__TASK BRIEF__. When you copy the entries, omit the images and keep every word as it is.

__RECORDS FOR PROCESSING__.
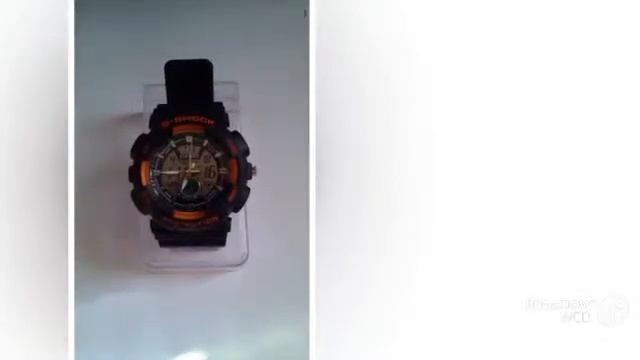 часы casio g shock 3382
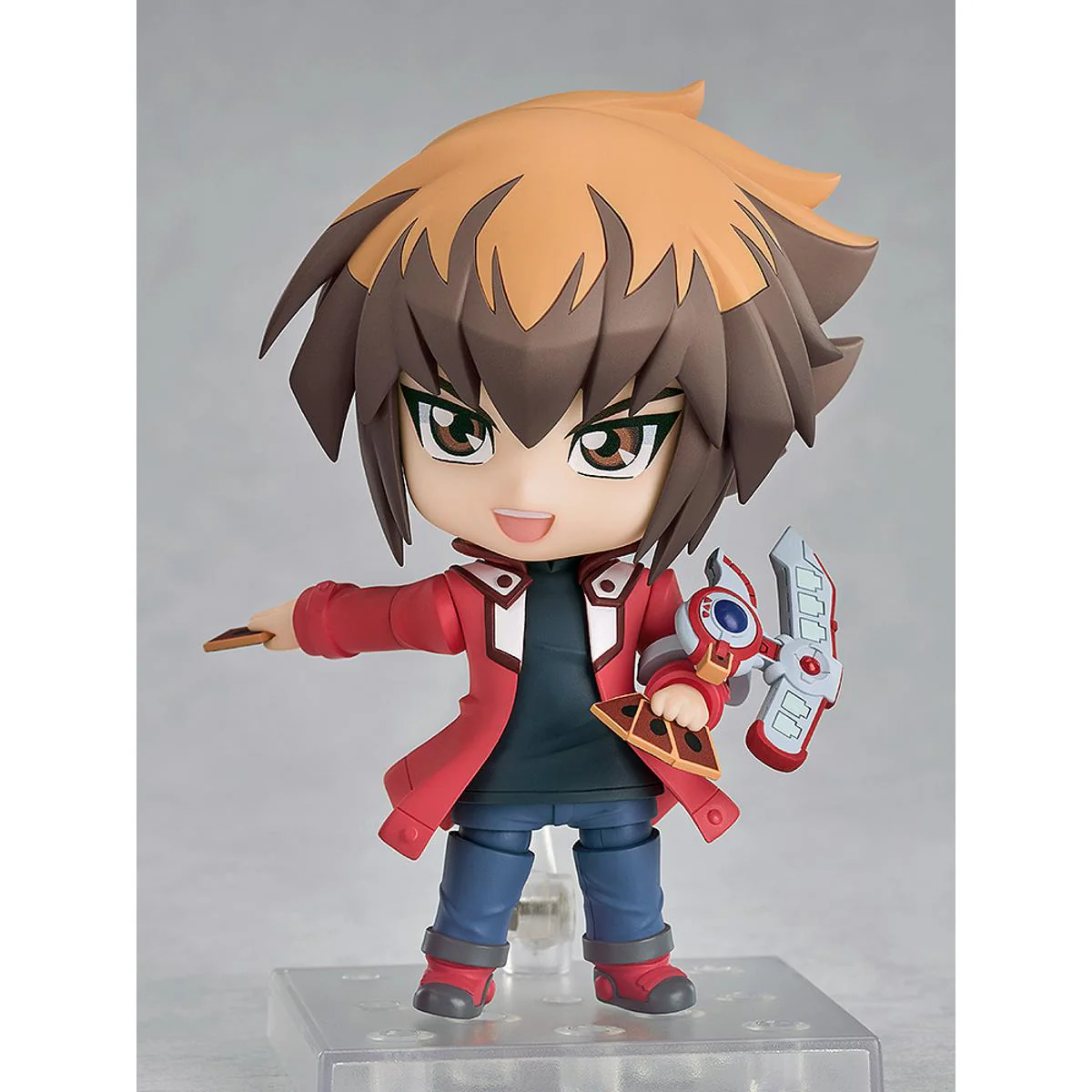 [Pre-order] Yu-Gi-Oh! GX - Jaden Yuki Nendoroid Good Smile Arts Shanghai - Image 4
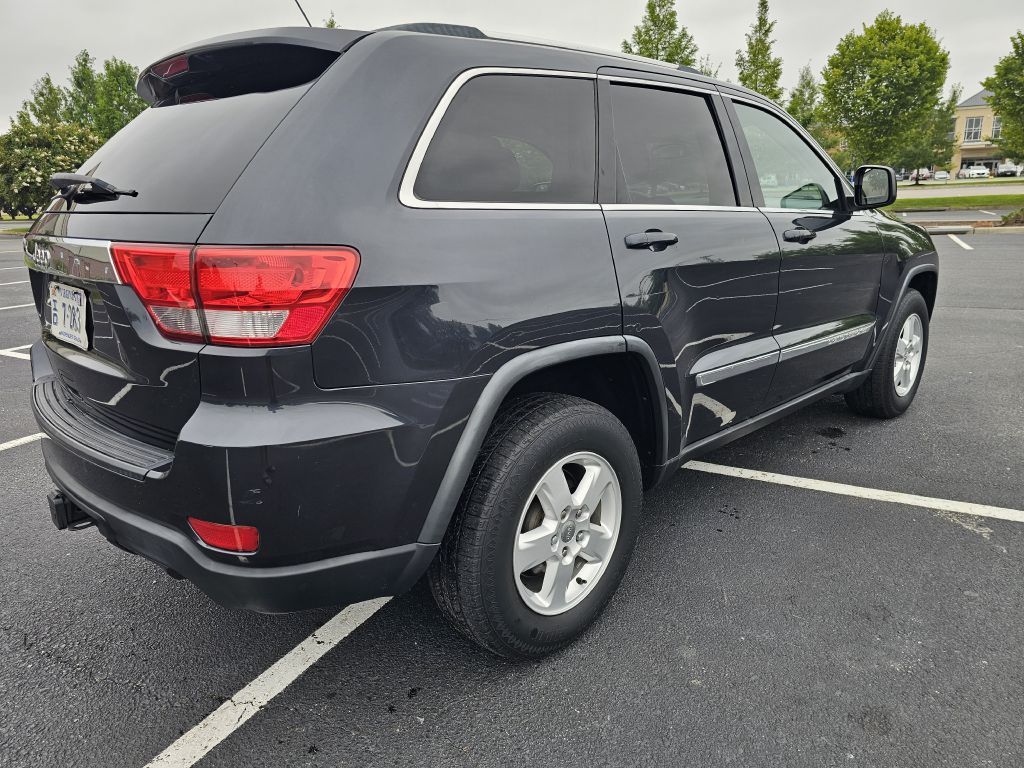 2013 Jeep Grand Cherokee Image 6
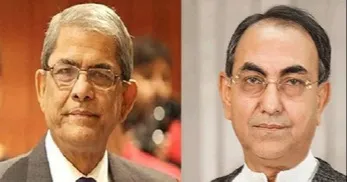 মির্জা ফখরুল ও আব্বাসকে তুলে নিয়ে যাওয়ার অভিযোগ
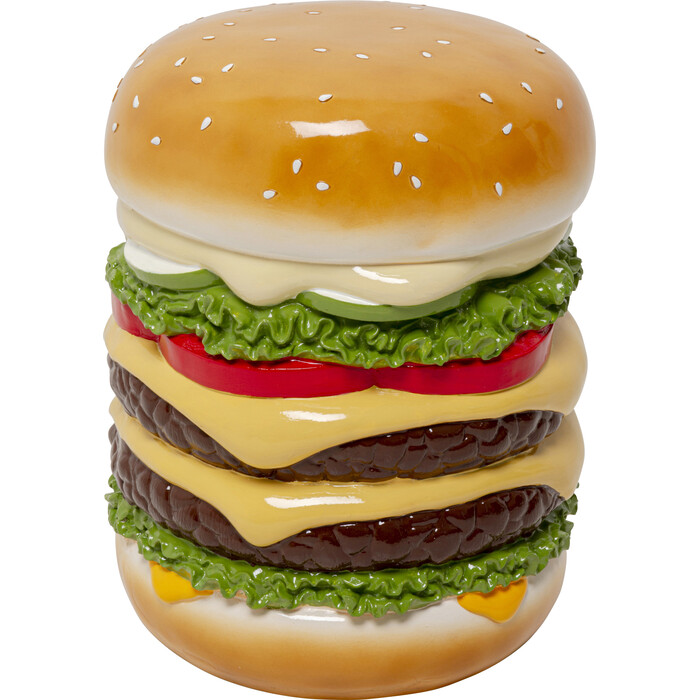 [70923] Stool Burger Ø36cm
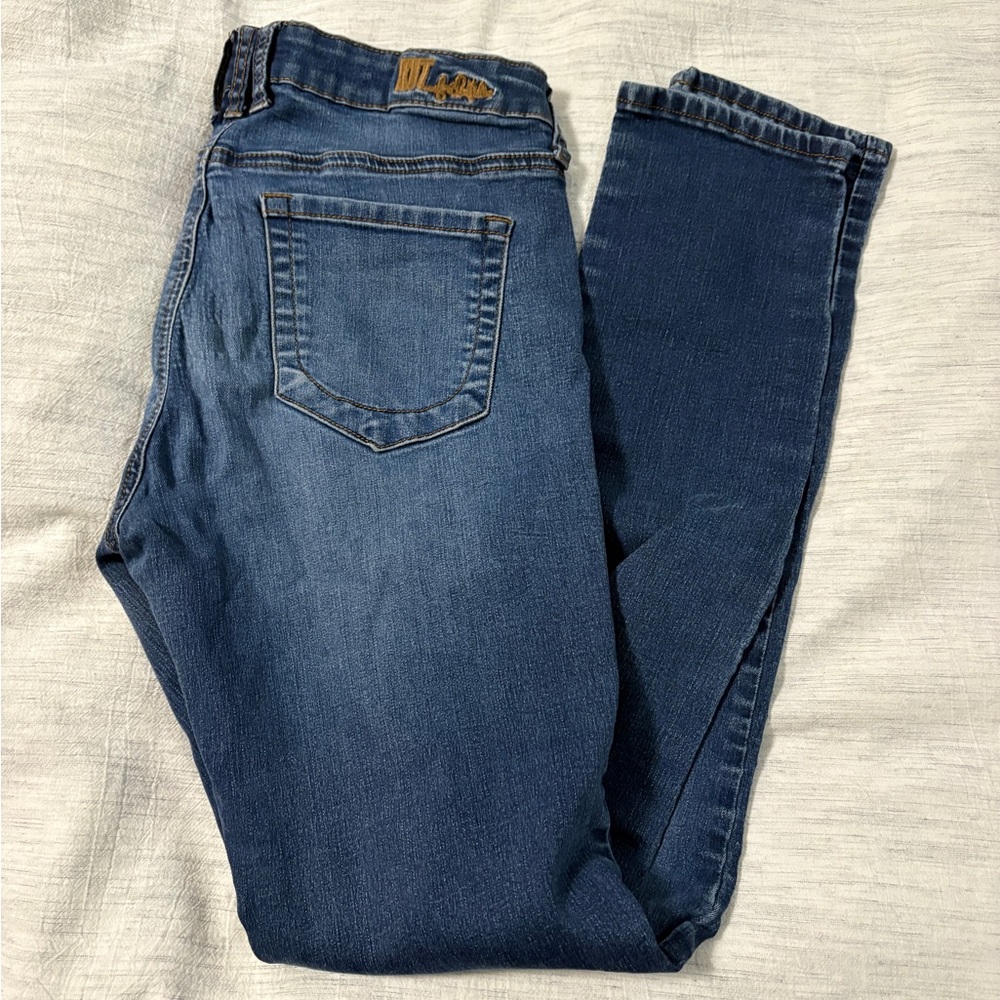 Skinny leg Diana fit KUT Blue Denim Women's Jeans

__EXERCISE ANSWER__.
 часы casio g shock 3382
 [Pre-order] Yu-Gi-Oh! GX - Jaden Yuki Nendoroid Good Smile Arts Shanghai - Image 4
 2013 Jeep Grand Cherokee Image 6
 মির্জা ফখরুল ও আব্বাসকে তুলে নিয়ে যাওয়ার অভিযোগ
 [70923] Stool Burger Ø36cm
 Skinny leg Diana fit KUT Blue Denim Women's Jeans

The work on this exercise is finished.